> [Supplied material]

-- -- --

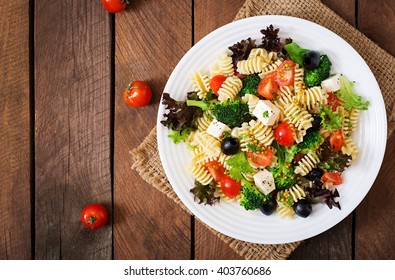 Pasta salad with tomato, broccoli, black olives,  and cheese feta. Top view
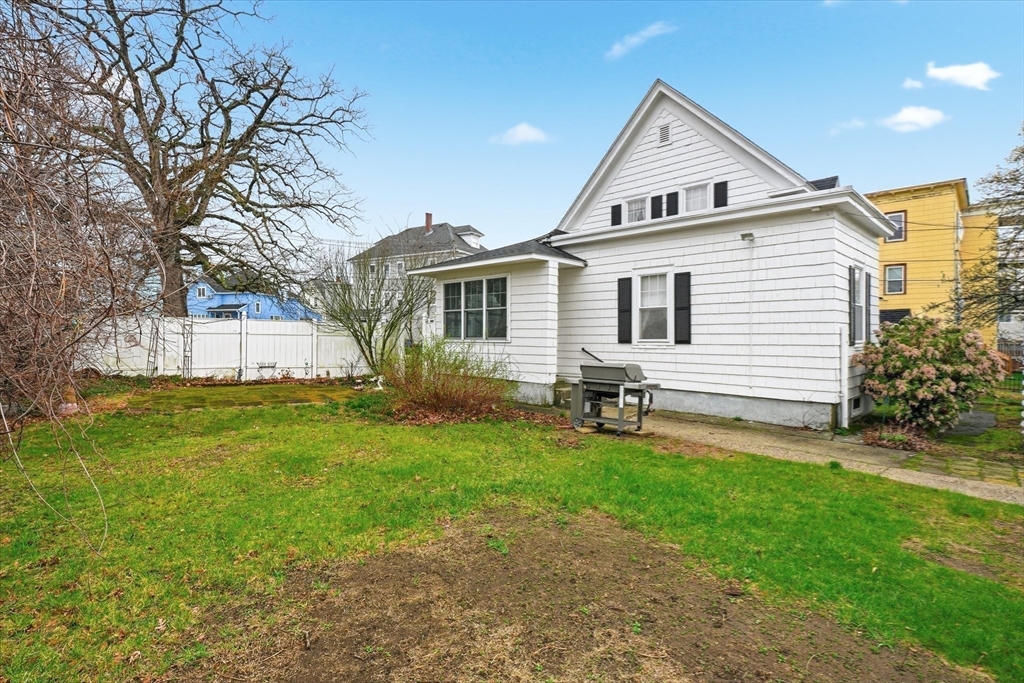 53 Kendall Street Lawrence, MA 01841 - Photo 35 of 36 a front view of a house with yard and green space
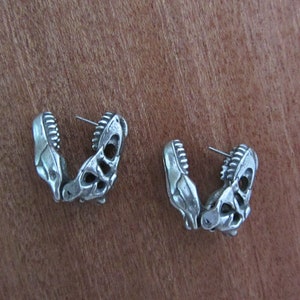 May include: A pair of silver-colored earrings shaped like dinosaur jaws. Each earring features detailed teeth and a skeletal design, with a post for pierced ears. The earrings are displayed on a wooden surface.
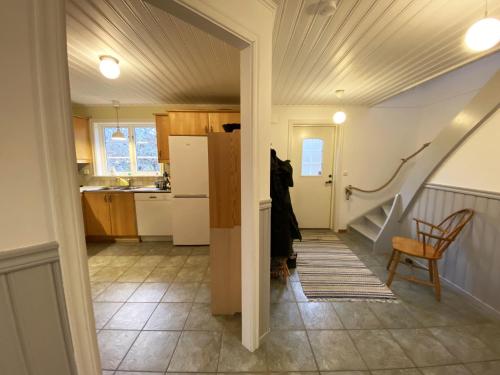 a kitchen with a stairway leading into a house at Holiday home by the sea with fantastic views in Ronneby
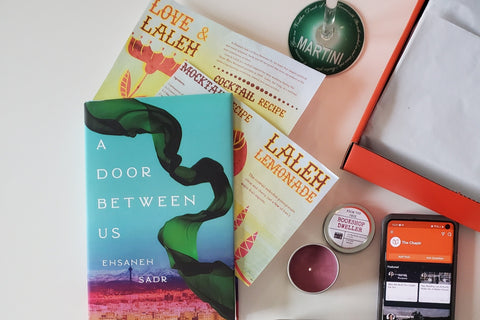 Items from a The Chaptr subscription box including a book, a small candle in a tin, and cocktail recipes.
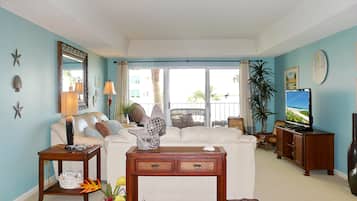 Condo, 1 cama King size (Caxambas Towers 103) | Área de sala de estar | Televisión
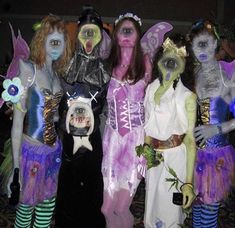 group of people dressed in costumes standing next to each other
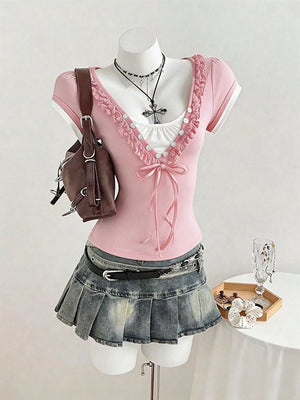 Pink maternity t-shirt with white trim, ruffled neckline, bow detail, and short sleeves.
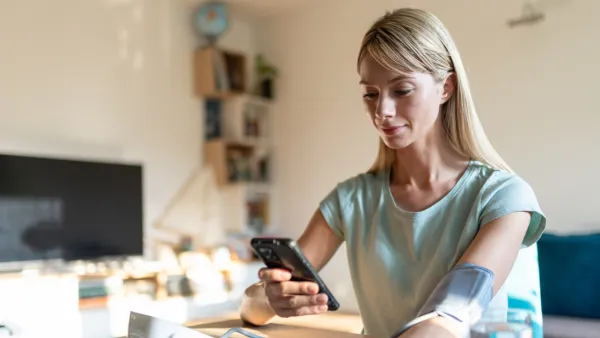 Woman checking blood pressure and holding phone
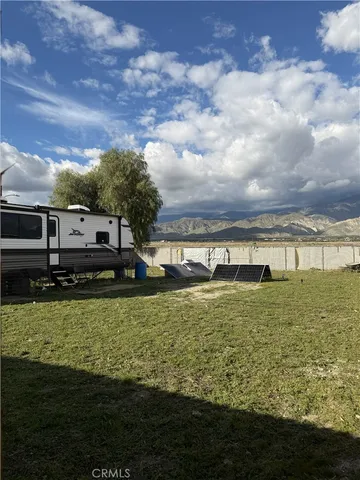 a view of a large pool with a yard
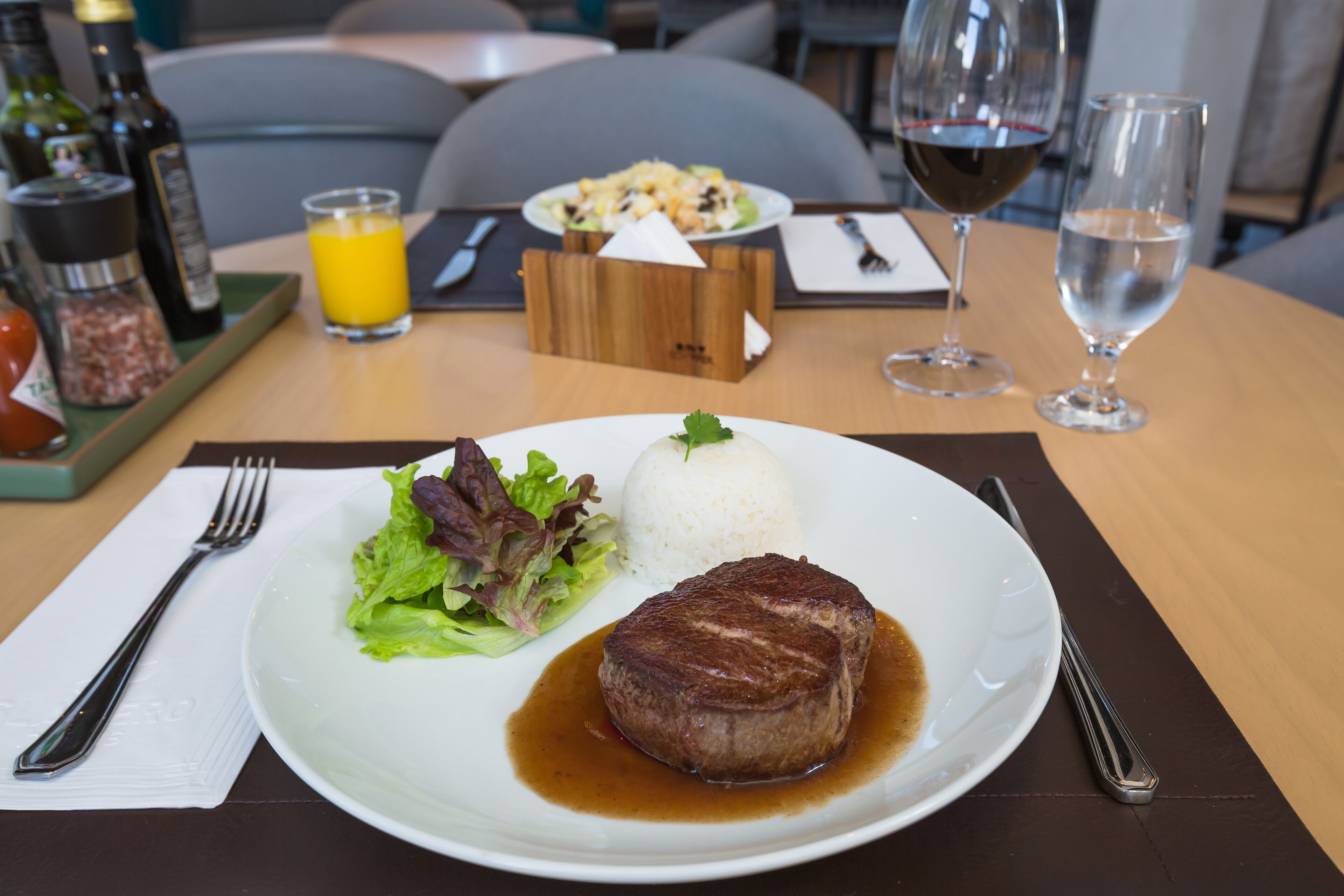 Une table à manger avec une assiette de nourriture, un verre de jus de fruits et une bouteille de vin.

-- -- --

> [What you will do]
Only the lines starting at the one that includes "May include: A" and ending at the one that includes "Condo, 1 cama" should be retyped, exactly, from the records above; no pictures.

> [Completed exercise]
 May include: A pair of silver-colored earrings shaped like dinosaur jaws. Each earring features detailed teeth and a skeletal design, with a post for pierced ears. The earrings are displayed on a wooden surface.
 a kitchen with a stairway leading into a house at Holiday home by the sea with fantastic views in Ronneby
 Items from a The Chaptr subscription box including a book, a small candle in a tin, and cocktail recipes.
 Condo, 1 cama King size (Caxambas Towers 103) | Área de sala de estar | Televisión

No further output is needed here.